TECH ED’S CHOICE
EV CHARGING STANDARDS
On reading CAR’S article on the Jaguar I-pace (August 2018), I wondered if an agreement has been reached among manufacturers on standardisation of charging stations? It would be annoying, to put it mildly, if you got to, say, Colesberg, and found a plug doesn’t fit. DOUG SCOTT Rhenosterspruit The current answer is “no” but hopefully the standards will eventually merge into one.
Background on battery charging
Remember, batteries are direct current (DC) while the electrical grid employs alternating current (AC). Therefore, to charge an electric vehicle using a wall socket at home, the AC current needs to be converted to DC by an onboard charger before the battery can be charged. The maximum power from the wall socket is limited to 3,3 kw (a 15 A socket at 220 V), so the charger can be small enough to fit in the vehicle for normal (slow) charging.
For fast charging (50 kw and higher), the charger cannot be housed in the car and is proprietary, i.e. a charging station. When an EV plugs into a fast charger, the charger has already converted the AC supply to DC and supplies the EV battery directly with DC.
It’s clear the charging methods (slow and fast) need two separate connecters (and plugs).
For standard (slow) charging, many manufacturers opted for the Type 1 connector because it offered safe home charging with an onboard charger. Because three-phase power supply is quite common in Germany, the German OEMS decided to take the Type 1 connector and add two extra pins to allow three-phase home charging that ups the charging rate considerably. This connector is now known as the Type 2 connector and is the most common connector for standard charging.

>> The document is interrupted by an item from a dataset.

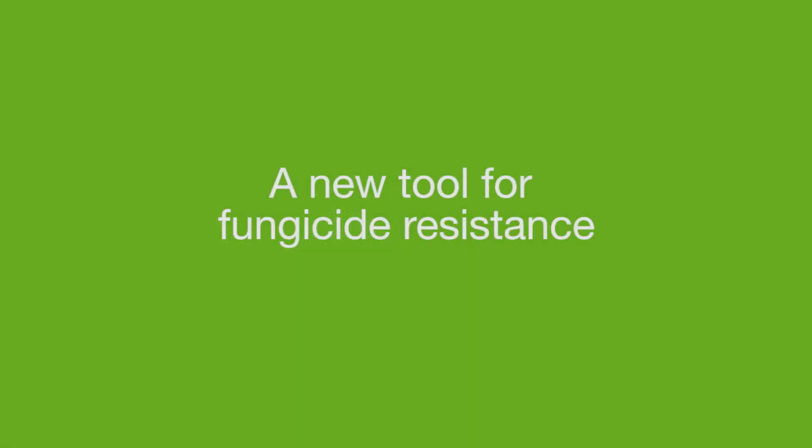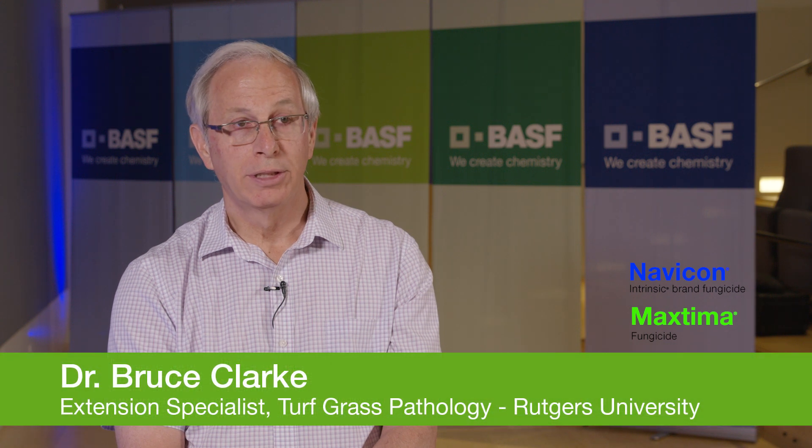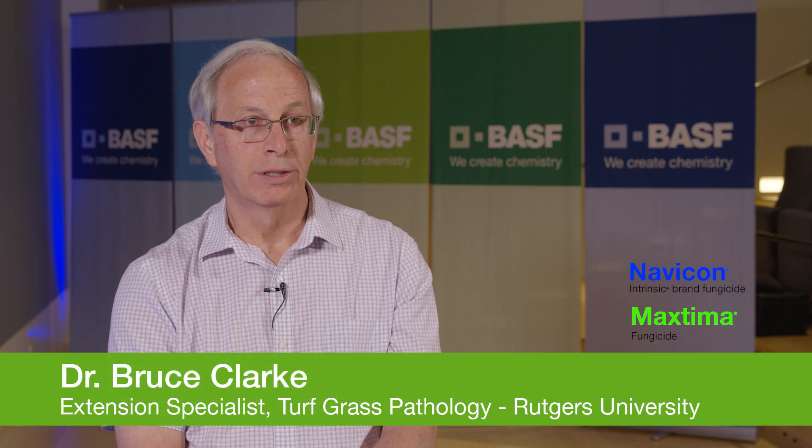How do you address fungicide resistance? Fungicide resistance has been a major problem in turfgrass, as you well know. And really, when you're talking about trying to prevent or forestall fungicide resistance,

When it comes to fast charging, there are again more options. Japanese manufacturers agreed on the Charge on the Move (CHADEMO) standard initially fixed at 50 kw with a communication protocol over the CAN bus. Manufacturers that signed up to this standard include Mitsubishi, Nissan, Toyota and it was licensed to Kia and PSA.
Germany was, however, not prepared to pay the licensing fee for a technology it did not agree with and adapted the Type 2 connector with two extra connectors for DC positive and negative and called this new connector the Combined Charging System (CCS), as it allows normal and fast charging through the same connector.
Tesla also uses the Type 2 connector but handles fast charging (up to 120 kw) differently when plugged into its own Supercharger charging network.
One charger for all
At least companies such as ABB are developing charging stations with connectors for all the above, almost like a fuel station with different fuels (93, 95 and diesel, for example). Let’s hope an agreement is soon reached between manufacturers to standardise the charging system.